• [Aim of the task]
Transcribe each record word for word. Skip the images.

(Records drawn from a dataset)

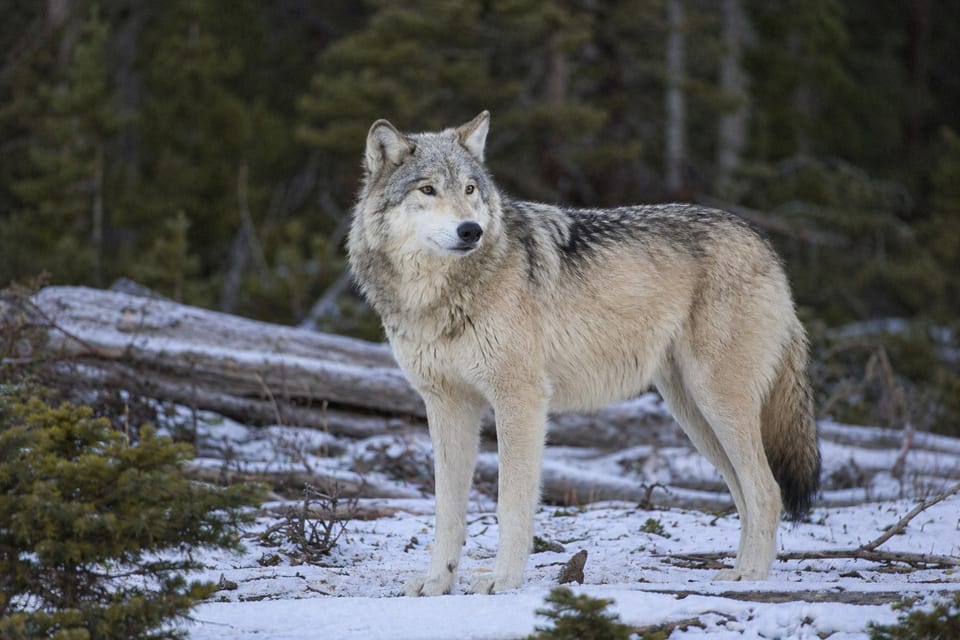 Idaho wolves featured image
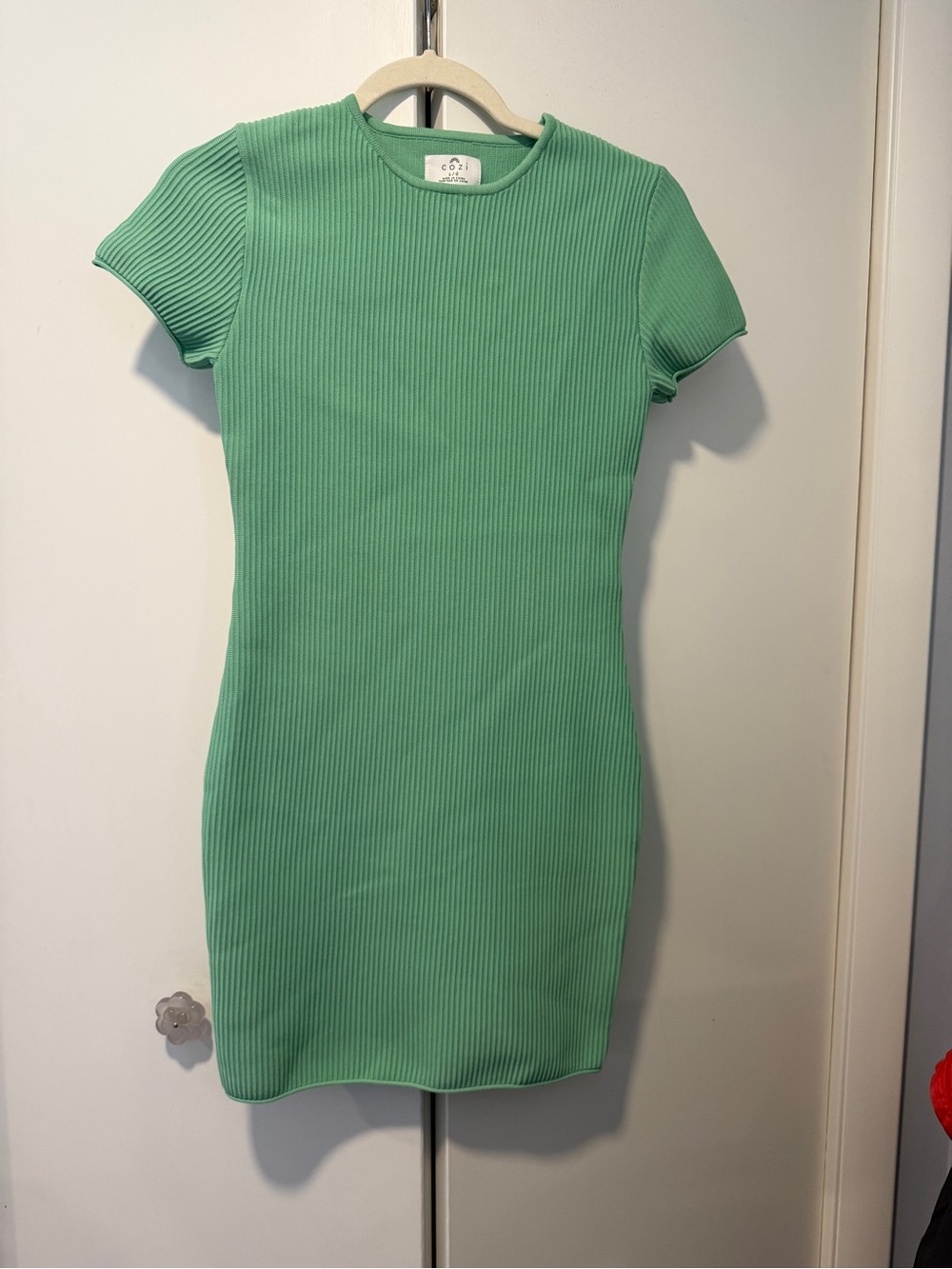 Ribbed Short Sleeve Mini Dress in Mint Green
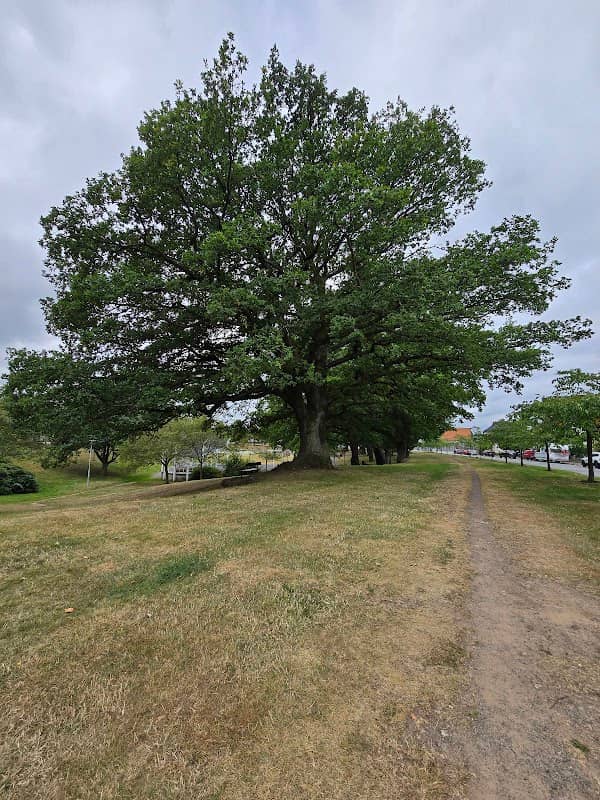 Old Oak - Image 1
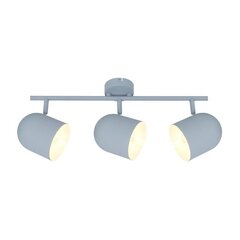Осветитель Candellux Azuro цена и информация | Потолочные светильники | hansapost.ee
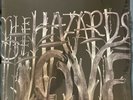 THE DECEMBERISTS THE HAZARDS OF LOVE  VINYL 2X LP NEW SEALED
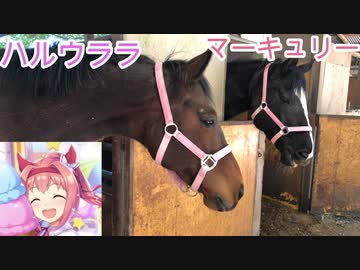 【続編】ハルウララがニンジンを「うみゃあ！」する動画　2021/04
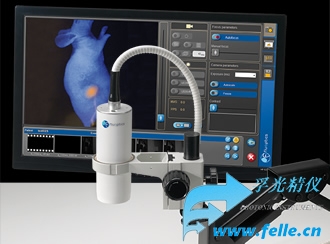 ���t����w�ɹ����ϵ�y(t��ng)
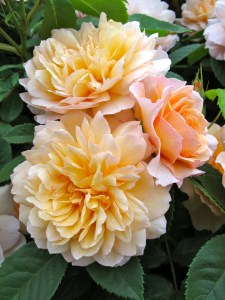 'Grace' rose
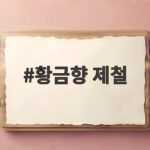 황금향 제철 언제가 가장 맛있을까 황금향 제철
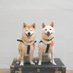 柴犬こたろーとりんたろ&黒猫ちゅ〜たろ〜 (@kotaro_koi) Twitter profile photo 柴犬こたろーとりんたろ&黒猫ちゅ〜たろ〜 (@kotaro_koi) Twitter profile photo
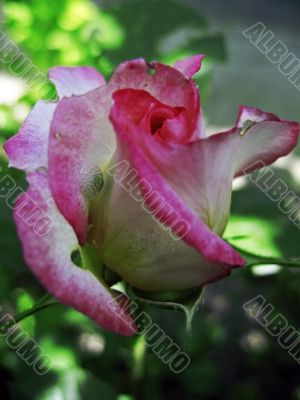 Red and white rose blooming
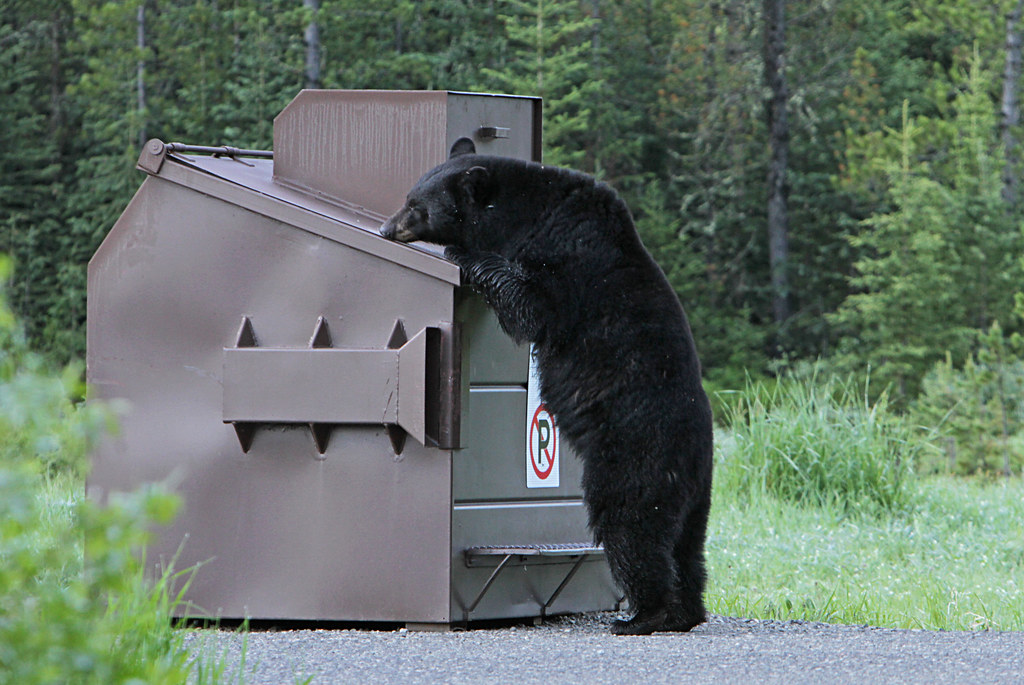 Why Bears Break Into Dumpsters!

• [Exercise response]
 Idaho wolves featured image
 Ribbed Short Sleeve Mini Dress in Mint Green
 Old Oak - Image 1
Осветитель Candellux Azuro цена и информация | Потолочные светильники | hansapost.ee
 THE DECEMBERISTS THE HAZARDS OF LOVE  VINYL 2X LP NEW SEALED
 【続編】ハルウララがニンジンを「うみゃあ！」する動画　2021/04
 ���t����w�ɹ����ϵ�y(t��ng)
 'Grace' rose
 황금향 제철 언제가 가장 맛있을까 황금향 제철
 柴犬こたろーとりんたろ&黒猫ちゅ〜たろ〜 (@kotaro_koi) Twitter profile photo 柴犬こたろーとりんたろ&黒猫ちゅ〜たろ〜 (@kotaro_koi) Twitter profile photo
 Red and white rose blooming
 Why Bears Break Into Dumpsters!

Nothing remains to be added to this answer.